== PROBLEM TO WORK ON ==
Repeat exactly, and only, the lines below starting at the line that contains "Decky 611B Snowflake Roll Up Beaine w/Pom" and ending at the line that contains "Fiat Allis Loader", inclusive of both.

DATA TO PROCESS: Begin

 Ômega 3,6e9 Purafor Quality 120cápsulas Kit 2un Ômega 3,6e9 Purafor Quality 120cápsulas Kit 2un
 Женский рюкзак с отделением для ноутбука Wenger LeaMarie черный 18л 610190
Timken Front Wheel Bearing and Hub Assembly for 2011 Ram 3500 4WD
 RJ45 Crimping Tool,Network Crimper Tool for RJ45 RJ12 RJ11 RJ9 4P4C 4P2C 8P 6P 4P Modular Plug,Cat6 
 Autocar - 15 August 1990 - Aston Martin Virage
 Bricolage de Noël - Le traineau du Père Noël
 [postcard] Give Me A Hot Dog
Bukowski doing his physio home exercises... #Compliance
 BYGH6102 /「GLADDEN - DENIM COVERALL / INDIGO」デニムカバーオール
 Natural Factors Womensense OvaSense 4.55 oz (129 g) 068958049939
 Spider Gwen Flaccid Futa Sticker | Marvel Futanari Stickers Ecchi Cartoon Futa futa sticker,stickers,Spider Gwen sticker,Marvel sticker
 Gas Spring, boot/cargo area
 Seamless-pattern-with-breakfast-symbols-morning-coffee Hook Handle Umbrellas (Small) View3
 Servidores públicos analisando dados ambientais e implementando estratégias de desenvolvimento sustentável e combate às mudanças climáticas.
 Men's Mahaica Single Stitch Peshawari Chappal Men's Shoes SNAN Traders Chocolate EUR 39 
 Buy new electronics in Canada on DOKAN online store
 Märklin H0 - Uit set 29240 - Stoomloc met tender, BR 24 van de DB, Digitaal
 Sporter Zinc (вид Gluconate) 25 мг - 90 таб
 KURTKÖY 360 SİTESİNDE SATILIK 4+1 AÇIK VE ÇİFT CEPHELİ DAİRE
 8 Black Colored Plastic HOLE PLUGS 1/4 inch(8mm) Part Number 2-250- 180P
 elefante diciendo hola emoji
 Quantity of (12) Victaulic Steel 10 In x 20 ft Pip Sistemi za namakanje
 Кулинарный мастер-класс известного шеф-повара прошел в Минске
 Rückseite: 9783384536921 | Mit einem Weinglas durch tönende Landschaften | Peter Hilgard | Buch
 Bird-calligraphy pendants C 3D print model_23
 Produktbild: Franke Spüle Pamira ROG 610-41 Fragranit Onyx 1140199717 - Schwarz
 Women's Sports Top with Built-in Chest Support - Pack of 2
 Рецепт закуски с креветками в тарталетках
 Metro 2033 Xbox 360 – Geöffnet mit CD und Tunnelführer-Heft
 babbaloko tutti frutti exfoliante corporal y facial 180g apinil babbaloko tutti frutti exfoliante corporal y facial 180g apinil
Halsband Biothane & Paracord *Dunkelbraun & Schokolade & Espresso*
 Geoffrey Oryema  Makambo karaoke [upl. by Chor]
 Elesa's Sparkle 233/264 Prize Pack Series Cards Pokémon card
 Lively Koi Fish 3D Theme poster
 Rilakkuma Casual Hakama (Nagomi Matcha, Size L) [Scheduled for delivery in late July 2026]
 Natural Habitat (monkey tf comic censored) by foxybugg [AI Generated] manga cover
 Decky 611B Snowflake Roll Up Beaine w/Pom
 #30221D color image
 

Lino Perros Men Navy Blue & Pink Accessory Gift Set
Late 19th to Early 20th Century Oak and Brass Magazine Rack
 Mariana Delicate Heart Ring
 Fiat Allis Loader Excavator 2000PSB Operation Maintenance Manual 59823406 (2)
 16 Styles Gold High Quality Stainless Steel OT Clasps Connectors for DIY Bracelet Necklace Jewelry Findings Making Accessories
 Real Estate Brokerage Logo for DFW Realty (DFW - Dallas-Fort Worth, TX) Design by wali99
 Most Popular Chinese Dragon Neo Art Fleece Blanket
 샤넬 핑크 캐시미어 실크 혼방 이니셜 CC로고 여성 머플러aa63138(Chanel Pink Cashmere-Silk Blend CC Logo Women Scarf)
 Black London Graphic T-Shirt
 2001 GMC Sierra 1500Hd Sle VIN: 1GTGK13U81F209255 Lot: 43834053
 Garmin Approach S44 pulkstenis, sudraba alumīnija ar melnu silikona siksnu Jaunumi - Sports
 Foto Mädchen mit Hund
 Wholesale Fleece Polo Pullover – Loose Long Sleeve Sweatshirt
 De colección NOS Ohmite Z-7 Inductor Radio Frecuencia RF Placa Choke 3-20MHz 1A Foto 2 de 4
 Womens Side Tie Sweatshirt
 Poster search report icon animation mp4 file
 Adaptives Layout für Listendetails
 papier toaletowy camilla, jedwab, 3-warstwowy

DATA TO PROCESS: End

== RESPONSE TO THE EXERCISE ==
 Decky 611B Snowflake Roll Up Beaine w/Pom
 #30221D color image
 

Lino Perros Men Navy Blue & Pink Accessory Gift Set
Late 19th to Early 20th Century Oak and Brass Magazine Rack
 Mariana Delicate Heart Ring
 Fiat Allis Loader Excavator 2000PSB Operation Maintenance Manual 59823406 (2)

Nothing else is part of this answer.